A recente evolução política em Portugal, com o crescimento das forças de direita na Assembleia da República, trouxe consigo uma discussão que, por vezes, tende a ser negligenciada, mas que representa um desafio significativo para a democracia: a possível revisão da Constituição da República Portuguesa. Este tema levanta questões cruciais sobre o equilíbrio político, os direitos fundamentais e as bases do regime democrático estabelecido com a Revolução de Abril de 1974.

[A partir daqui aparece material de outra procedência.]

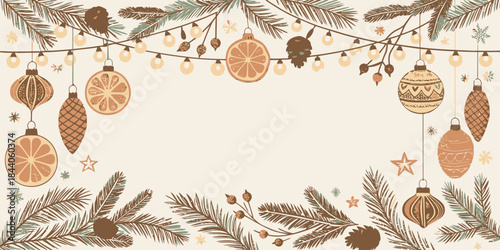 Boho-style Christmas border vector featuring earthy elements, natural decorations, and a warm, cozy holiday vibe.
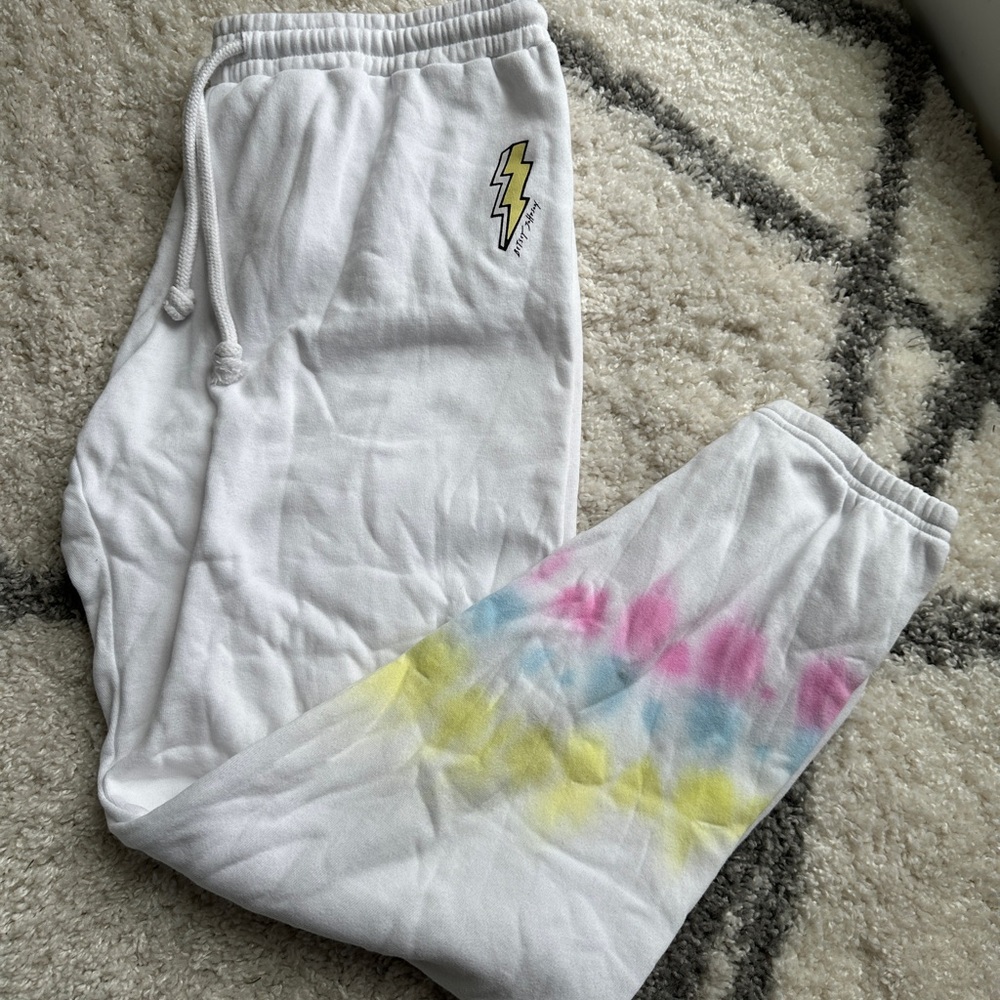 Large Betsey Johnson White Sweatpants with Colorful Cuffs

A Constituição de 1976, que foi redigida com o intuito de consolidar a democracia, garante direitos, liberdades e garantias essenciais para a cidadania. Qualquer alteração ao texto constitucional deve ser considerada com a máxima cautela, dado que a Constituição não é um instrumento jurídico isolado, mas um reflexo do pacto social que define o Estado democrático de direito em que vivemos.
A possibilidade de revisões constitucionais, especialmente num contexto em que a composição política da Assembleia da República se caracteriza por um predominante alinhamento à direita e uma esquerda enfraquecida, levanta a preocupação de que o debate sobre a Constituição não seja conduzido com o devido equilíbrio. A revisão do texto, sem um consenso abrangente que envolva todas as forças políticas, pode colocar em risco os princípios fundamentais que garantem direitos essenciais aos cidadãos e ao Estado Social.
É importante sublinhar que a revisão da Constituição não deve ser vista como um processo simples de “modernização”, como alguns defendem. Alterações em áreas-chave, como a segurança social, os direitos laborais, a educação ou a saúde pública, podem ter consequências profundas para a sociedade, sobretudo se forem feitas sem o amplo envolvimento da sociedade civil e sem a garantia de que os direitos fundamentais consagrados em 1976 não serão prejudicados.
Num momento de crescente polarização política, em que as forças à direita ganham espaço e as à esquerda se encontram divididas, é imperativo que qualquer revisão constitucional seja tratada com rigor e com um debate plural que envolva todas as partes interessadas. A democracia não se constrói de forma unilateral, e a Constituição deve ser protegida enquanto garante os direitos que constituem a base do Estado de direito em Portugal.
Seja qual for o rumo que esta discussão venha a tomar, o ponto crucial é que, enquanto país, devemos sempre ter em mente a necessidade de preservar o espírito da Revolução de Abril. Qualquer tentativa de revisão constitucional que não respeite o consenso democrático e que não proteja os direitos fundamentais pode significar uma erosão da própria essência do regime democrático, algo que não pode ser encarado de forma leviana.
Assim, é fundamental que a sociedade portuguesa, em conjunto com os responsáveis políticos, mantenha o compromisso de preservar a Constituição tal como ela foi concebida, assegurando que qualquer modificação seja realizada de forma cuidadosa, ponderada e, sobretudo, com um amplo envolvimento da cidadania. A democracia exige vigilância e, acima de tudo, respeito pelos princípios que a fundaram.